## EXCERPTED RECORDS

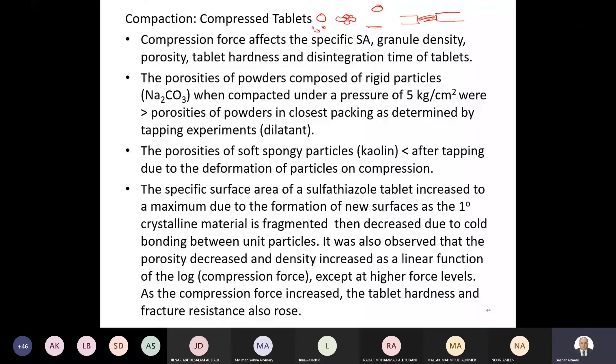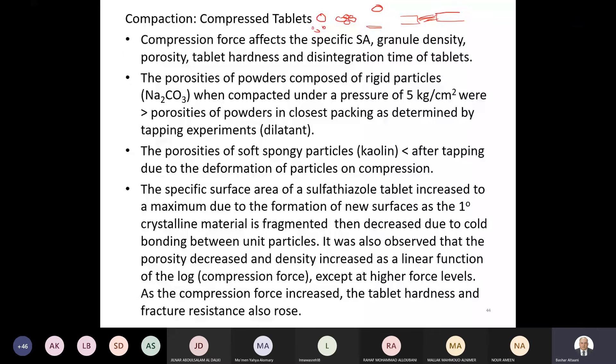When it comes to the tablet particle surfaces, the interaction between them results in a good shape which affects the compaction process. What happens to the particle and what happens to the strength in the compacting process?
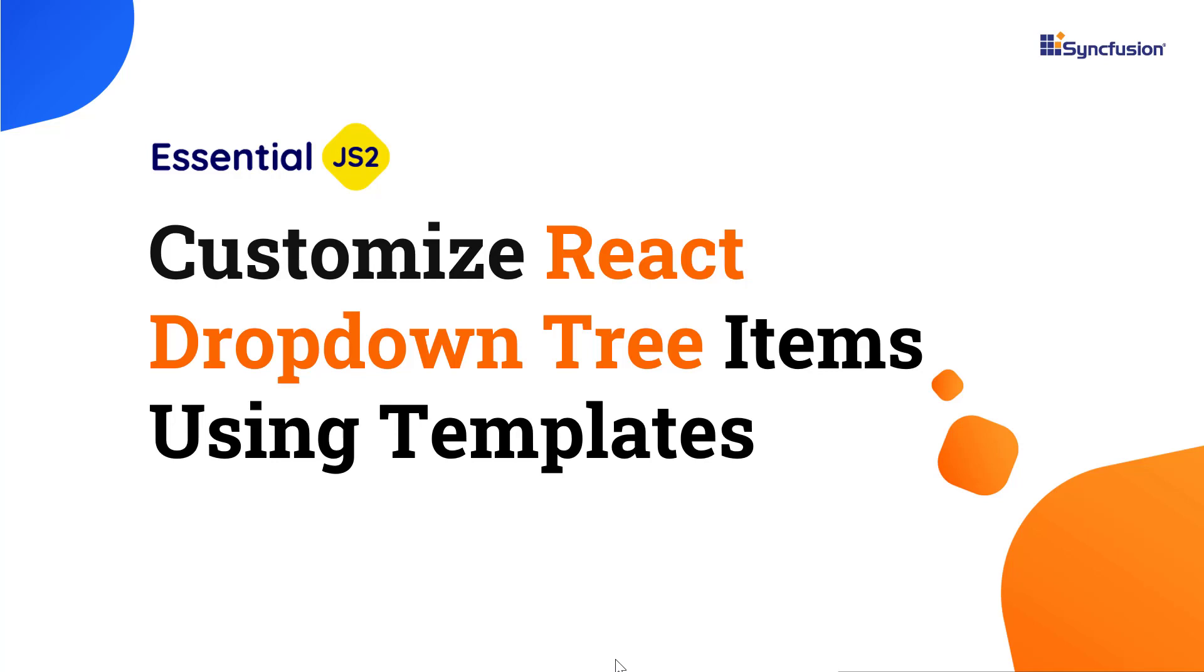Hi everyone, welcome back. In this video, I will show you how to customize the dropdown tree component using built-in templates. This component supports several template options to customize dropdown tree items and header and footer elements.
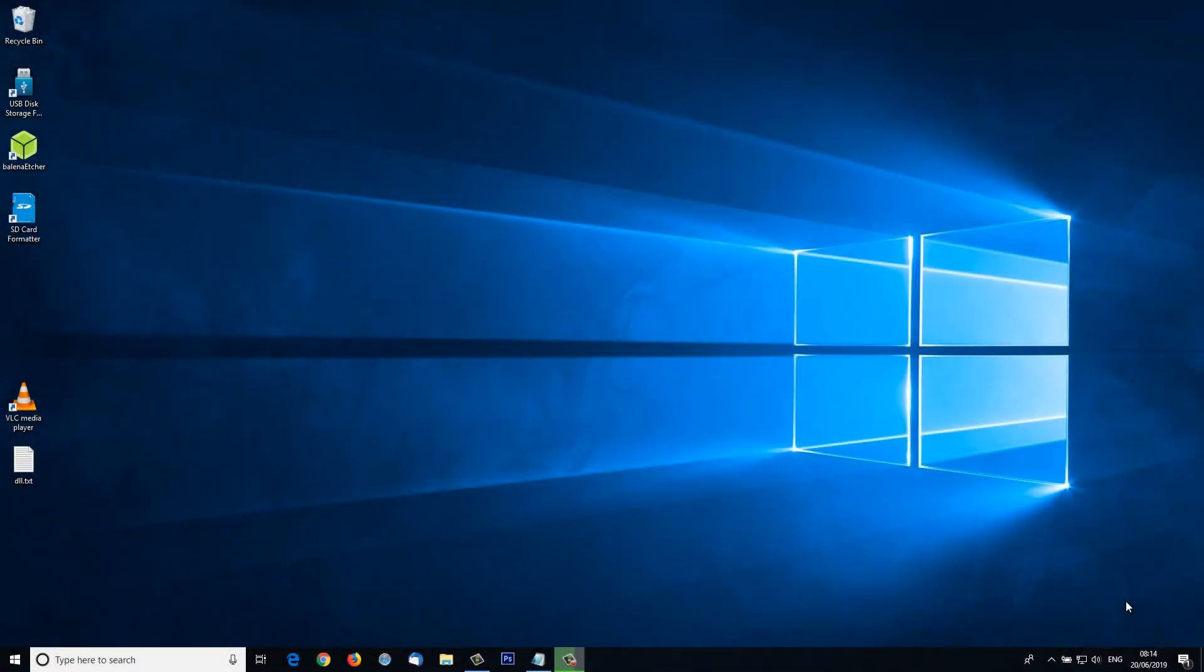Hi, I'm Jason and welcome back to another video. In this video we're going to be looking at how to rip a DVD to your PC using a program called HandBrake.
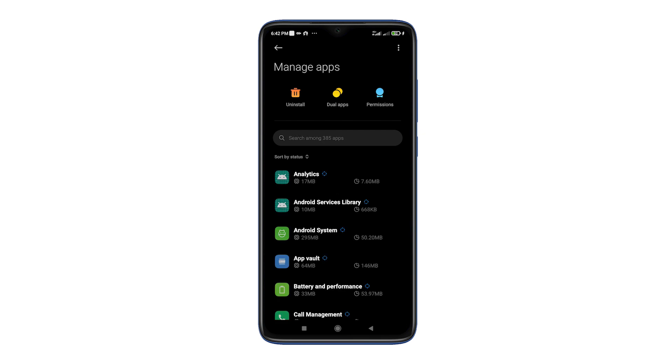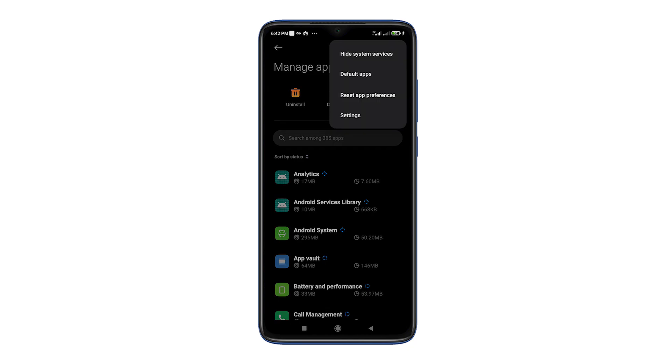Tap on the three dots at the top right corner, and then tap on Default Apps.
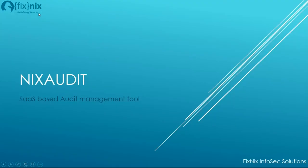Hi and welcome. This video is to demonstrate FixNix's Audit Management Tool, Nix Audit. It's a SaaS-based application. As you may be aware of FixNix Infosec Solutions, we help organizations comply with standards and minimize risk and exposure.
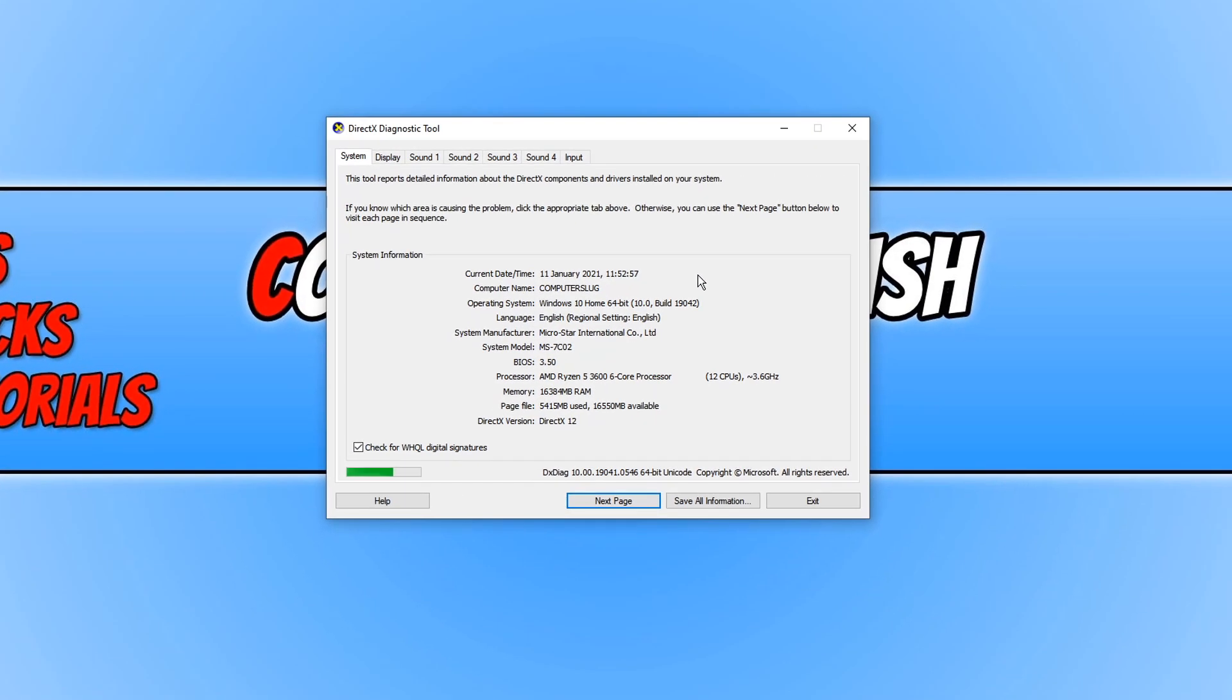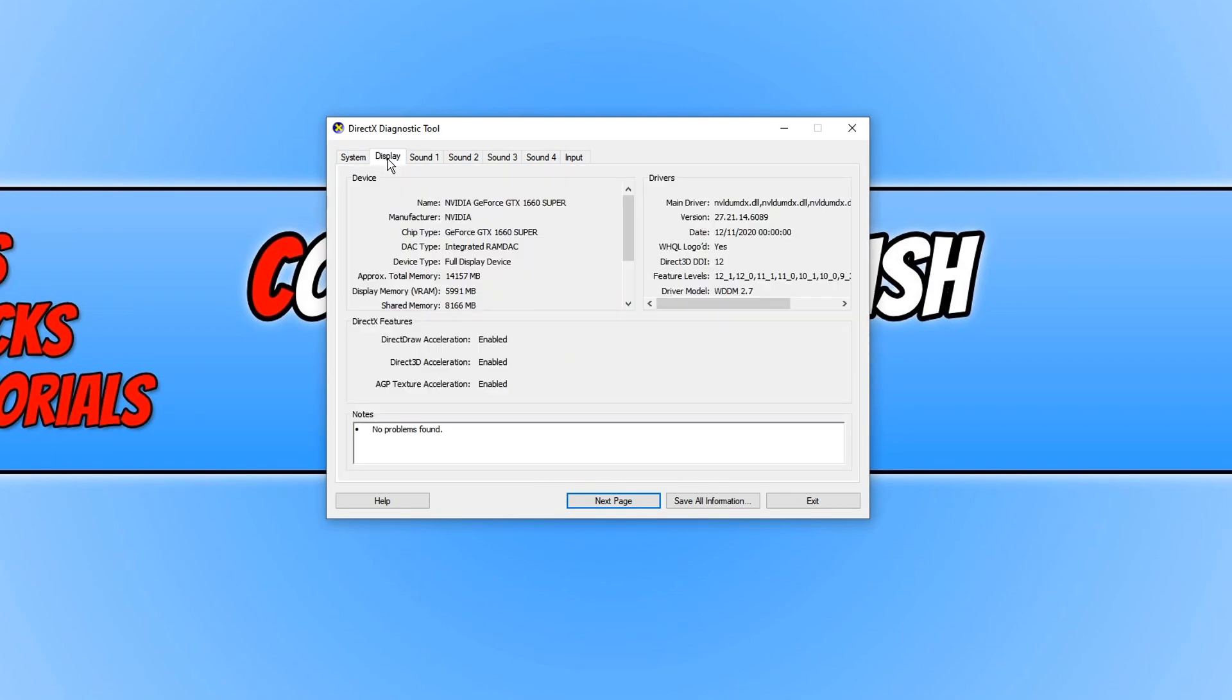Once this window has popped up on your screen, you now need to click on the display tab on the top and over on the right hand side under drivers where it says driver model, you will be able to see which version you are running.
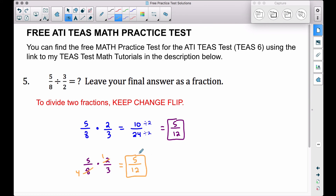As you can see, we get the same answer. It doesn't matter which method you use — either way works. Keep in mind: keep-change-flip only works when you're dividing two fractions, and the simplifying shortcut only works when you're multiplying — it does not work when you're adding or subtracting fractions. And that's problem number five of the free ATI TEAS math practice test. Hope it helped!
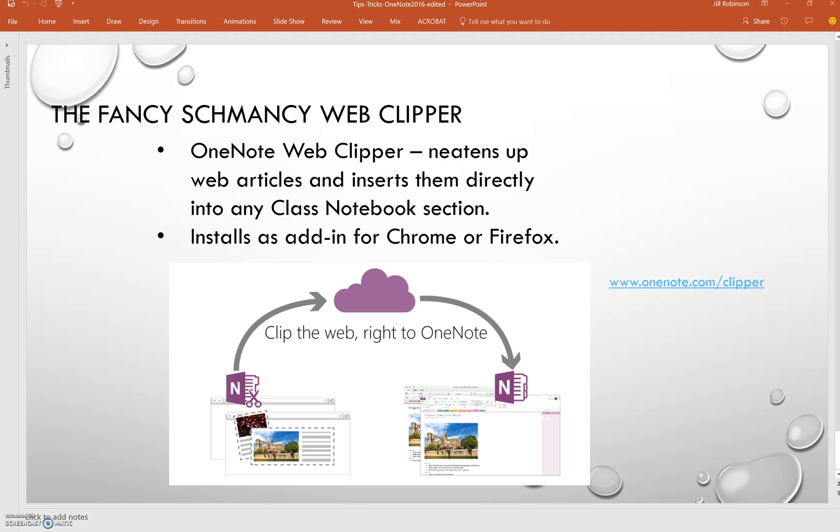Lastly, one of the tools that our teachers have found very useful lately is the OneNote Web Clipper tool, which basically is an add-on for Chrome or Firefox, and they probably have it for some of the other browsers, which will actually clip articles and sort of neaten them up for you, and you can insert them into any section of your notebook.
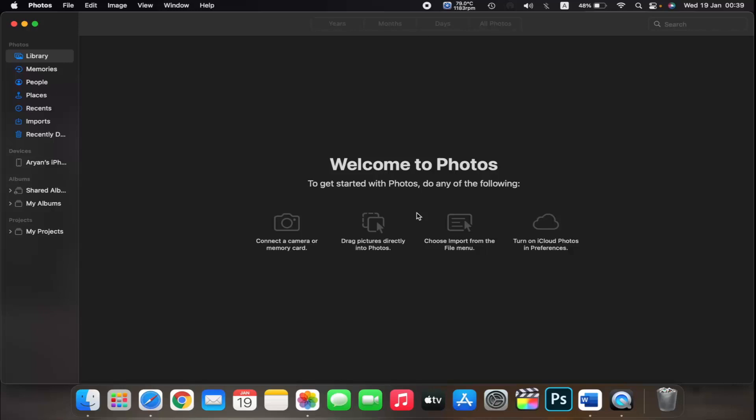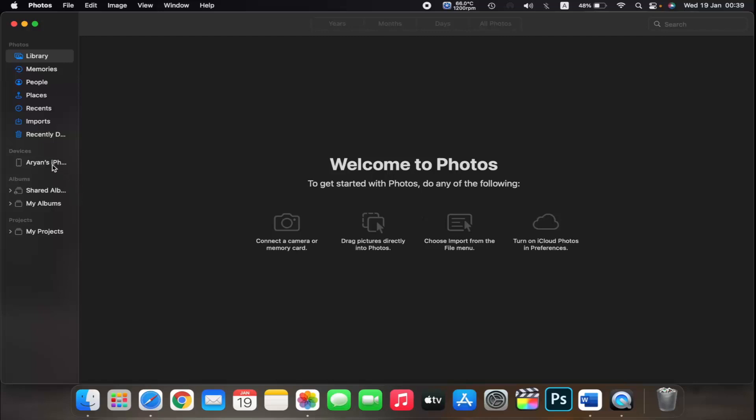The Photos app shows an import screen with all the photos and videos that are on your connected device. If the import screen doesn't automatically appear, click the device's name in the Photos sidebar.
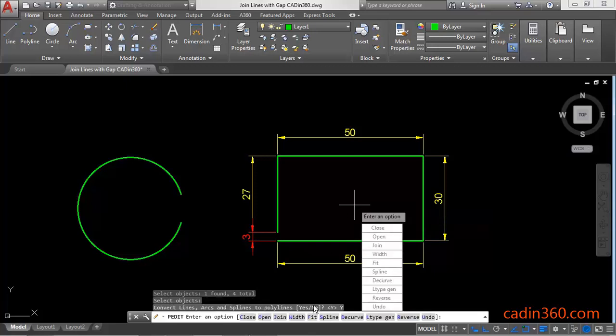Now we have various options in command line under the p-edit command. But we are going to use join command since we have to join all these lines. J enter or click on J.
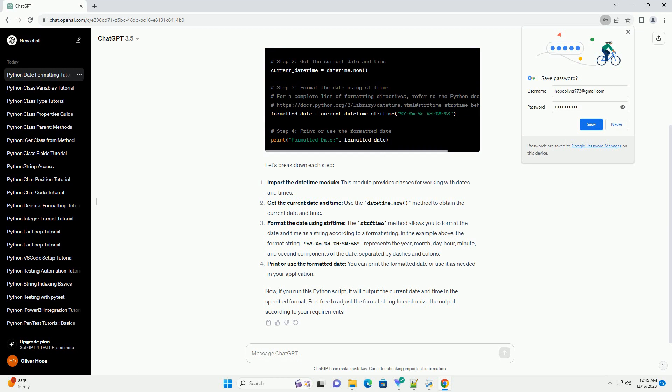Format the date using strftime. The strftime method allows you to format the date and time as a string according to a format string. In the example above, the format string %y-%m-%d %h:%m:%s represents the year,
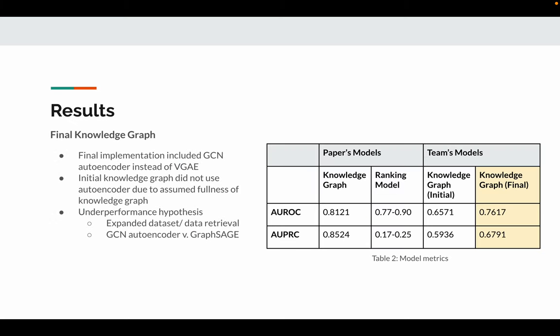For the final knowledge graph, we decided to go with the GCN autoencoder instead of VGAE, as it helps generate better accuracy. However, the results show that our knowledge graph underperformed compared to the one in the original paper. It could be due to larger datasets or how they are retrieved. Also, in our study, we used autoencoders versus in the original study they use GraphSAGE.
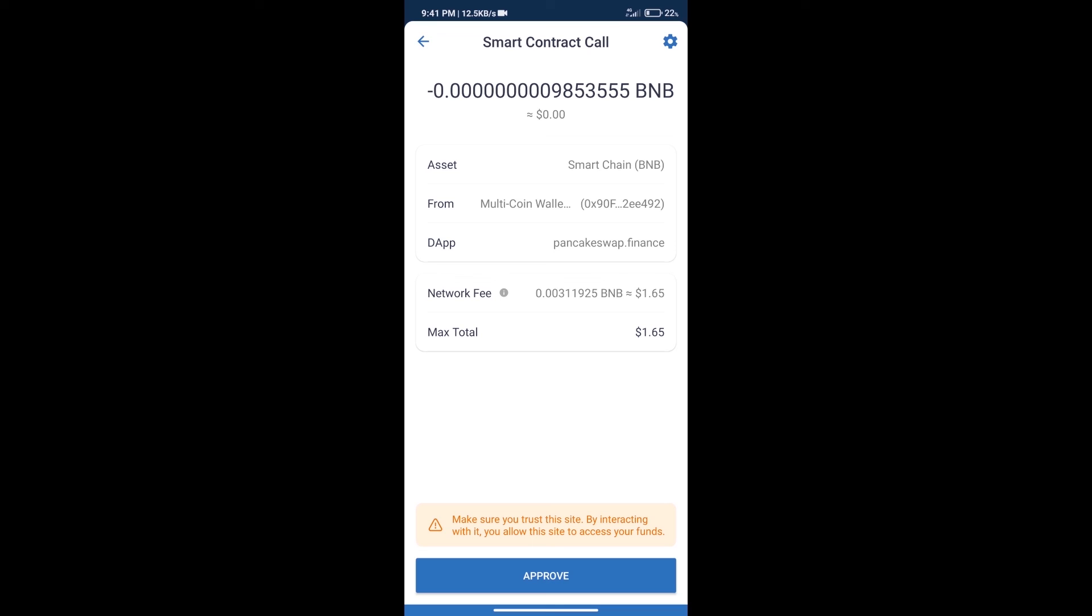After that, we will click on approve and finally we will get this token successfully. So guys, I have only shared the technical process, not financial advice. Invest in cryptocurrency at your own risk. Thanks for watching.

## ACTIVITY
Reproduce exactly the lines from the beginning of the material down to the line containing "Hi everyone, welcome", both ends included, but not the pictures or anything after.

## RESPONSE TO THIS TASK
When it comes to the tablet particle surfaces, the interaction between them results in a good shape which affects the compaction process. What happens to the particle and what happens to the strength in the compacting process?
Hi everyone, welcome back. In this video, I will show you how to customize the dropdown tree component using built-in templates. This component supports several template options to customize dropdown tree items and header and footer elements.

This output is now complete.